News

Today’s Intergroup meeting was dedicated to the Brexit and how Britain’s withdrawal will affect animal welfare in the EU and the United Kingdom.

David Bowles, Head of Public Affairs, RSPCA- Royal Society for the prevention of Cruelty to Animals gave a presentation about the opportunities and threats for animal welfare in Britain’s post Brexit.

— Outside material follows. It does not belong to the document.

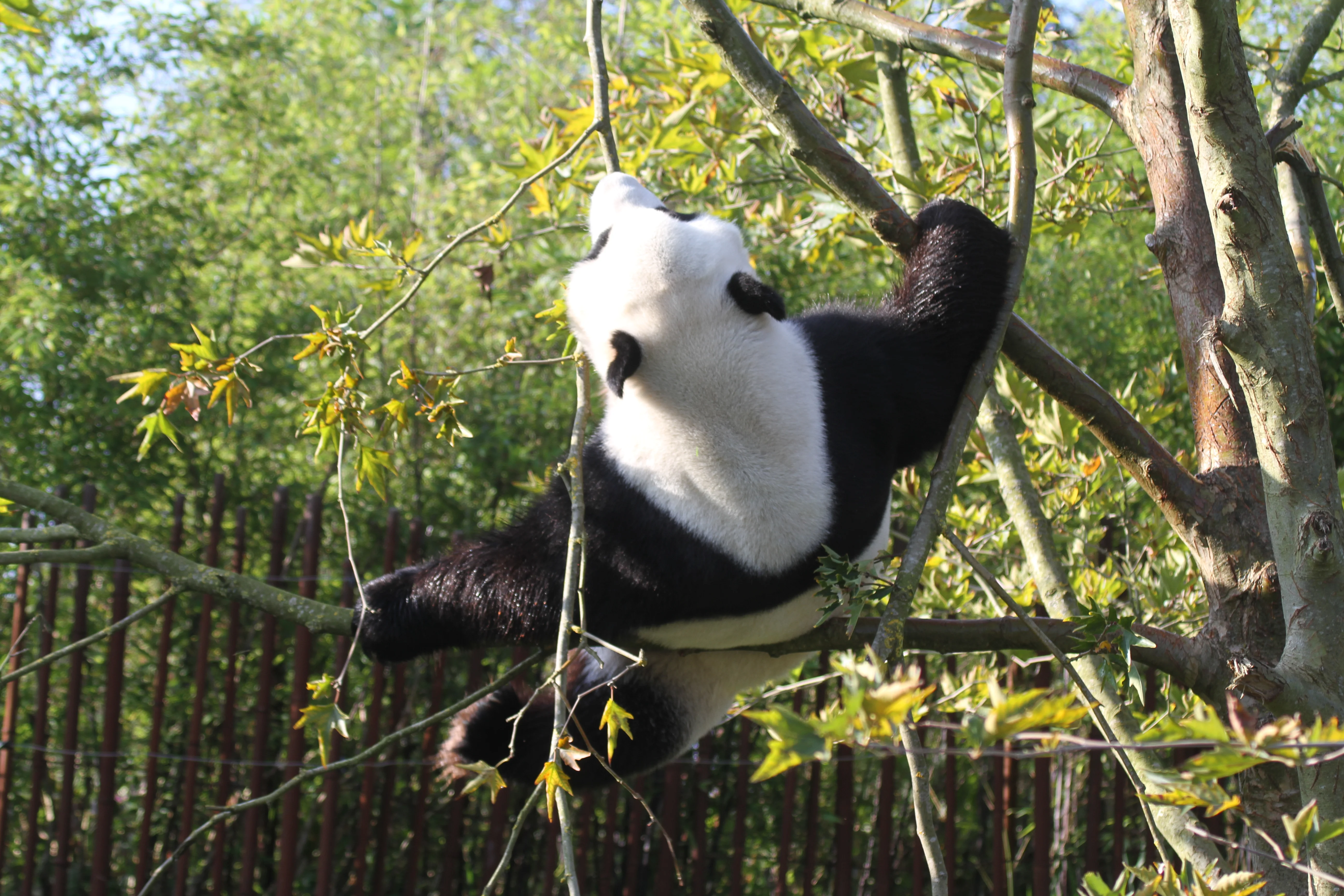 Pairi Daiza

This is of particular relevance to discuss as in a couple of months the UK could start the tricky process of negotiating its future trade arrangements with the EU.  How this ends will determine to a great extent the impact on Britain’s animals.  With some 44 laws on animal welfare being transferred to the UK’s competence, a process that starts this week in London, the UK has promised to keep present standards whilst seeking opportunities to improve them.  Most attention to see if they achieve this tricky balance will be focused on farm animal standards, not because they have more laws, but because mutual free trade in food and farm products is so crucial to the economies and farm standards of the UK and the EU.

The basis are broadly similar welfare standards and therefore a tariff free agreement mutually recognising each other’s standards to allow continued trade in these products should be possible.  Reverting to WTO laws would be a race to the bottom for British farmers particularly in the areas of eggs, beef and pigs.  The UK would be outsourcing its high welfare standards abroad. This is not good for UK farmers, their animals or the British public.  It would not also augur well when agreeing free trade agreements with other countries, the vast majority of whom have welfare standards far below Britain’s.  The UK Government has rightly said they dont want to see chlorine chicken or beef injected with hormones or eggs reared in intensive battery cages coming in.  But agreeing this with countries that wish to trade in these products will be tough.

On the flip side, opportunities to improve animal welfare are already occurring.  The Government will next Spring introduce mandatory CCTV in abattoirs, going well beyond EU minimum standards.  Additionally, they have said they want to control live exports of animals to the continent, and could look at introducing mandatory labelling on how food is produced, all of which is not allowed under present EU laws.   Which side, opportunities or threats, will win is too early to tell.  What will be certain is that that Eurogroup  for Animals and the RSPCA will be fighting to ensure the animal standards will continue to improve in both the EU and UK.

Joe Moran, Political Adviser at Eurogroup for Animals gave a presentation on the impact the UK’s withdrawal will have on EU animal welfare. This is focused on four main areas. The impact on individual Member States, the continued trade in live animals, how to fill the budget gap for agriculture and animal welfare when the UK has withdrawn, and the changing political influence of the UK vis-a-vis the EU.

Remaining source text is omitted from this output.